> [Task goal]
Gather all lines from the material that contain "image".

> [Provided information]
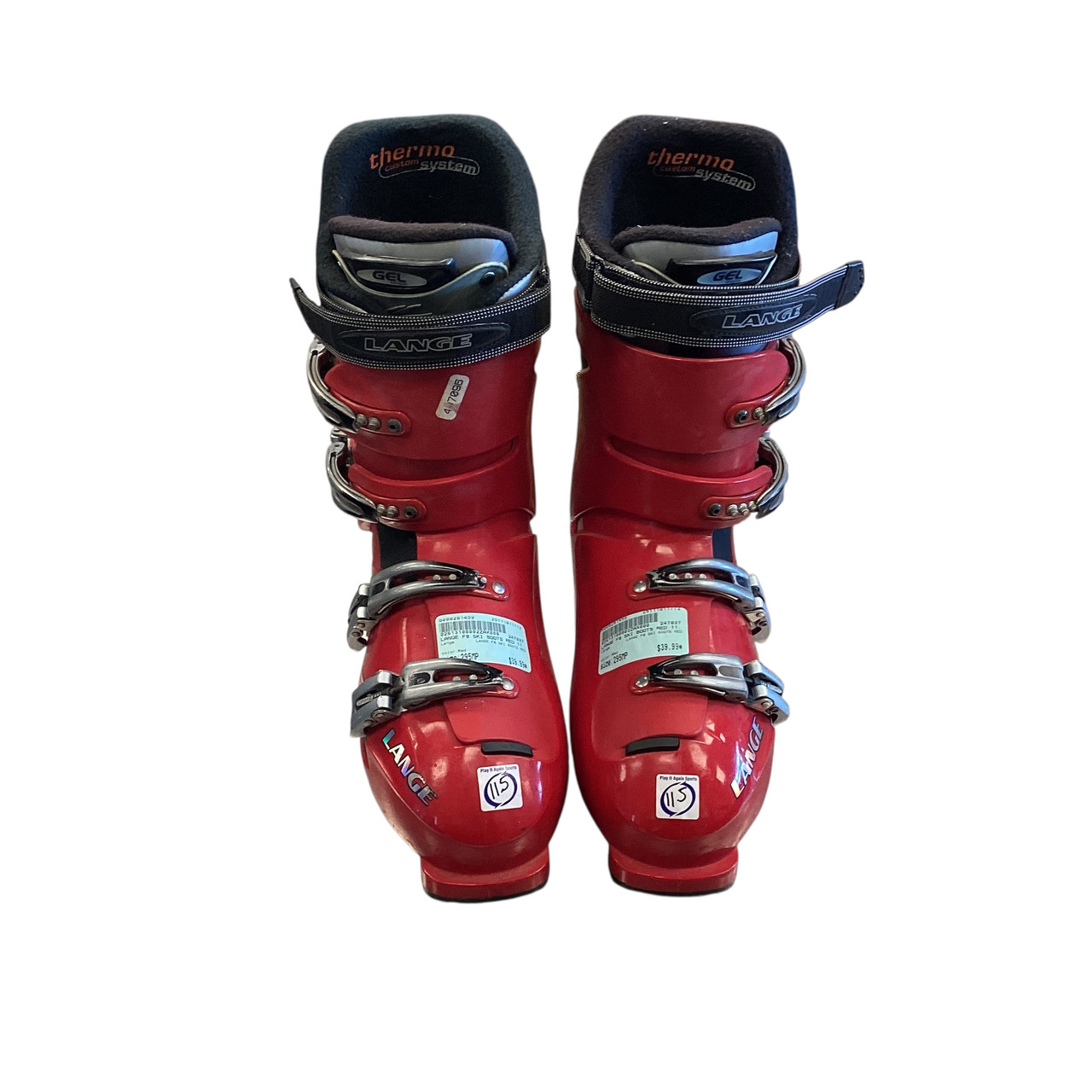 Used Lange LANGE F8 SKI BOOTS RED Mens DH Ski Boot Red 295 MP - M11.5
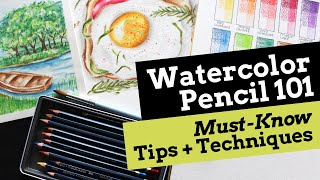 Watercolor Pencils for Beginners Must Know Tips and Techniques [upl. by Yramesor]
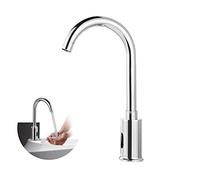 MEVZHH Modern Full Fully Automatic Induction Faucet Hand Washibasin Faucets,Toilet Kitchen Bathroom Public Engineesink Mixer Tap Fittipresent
...
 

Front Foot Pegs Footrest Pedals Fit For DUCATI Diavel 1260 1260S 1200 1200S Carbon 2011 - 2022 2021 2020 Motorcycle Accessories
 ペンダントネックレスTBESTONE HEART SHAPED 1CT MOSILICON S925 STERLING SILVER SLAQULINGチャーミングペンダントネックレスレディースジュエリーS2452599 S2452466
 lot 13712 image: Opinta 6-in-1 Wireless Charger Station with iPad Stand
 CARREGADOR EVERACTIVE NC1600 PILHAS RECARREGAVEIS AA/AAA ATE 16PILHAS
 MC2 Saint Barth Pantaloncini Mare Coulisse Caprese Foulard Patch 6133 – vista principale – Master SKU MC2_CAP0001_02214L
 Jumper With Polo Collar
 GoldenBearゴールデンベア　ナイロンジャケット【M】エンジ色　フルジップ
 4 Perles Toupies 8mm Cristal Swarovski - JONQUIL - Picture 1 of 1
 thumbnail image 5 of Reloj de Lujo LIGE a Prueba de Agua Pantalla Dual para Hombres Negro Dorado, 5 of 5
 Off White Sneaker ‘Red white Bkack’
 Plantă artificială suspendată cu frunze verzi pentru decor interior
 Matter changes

> [Response to this exercise]
 lot 13712 image: Opinta 6-in-1 Wireless Charger Station with iPad Stand
 thumbnail image 5 of Reloj de Lujo LIGE a Prueba de Agua Pantalla Dual para Hombres Negro Dorado, 5 of 5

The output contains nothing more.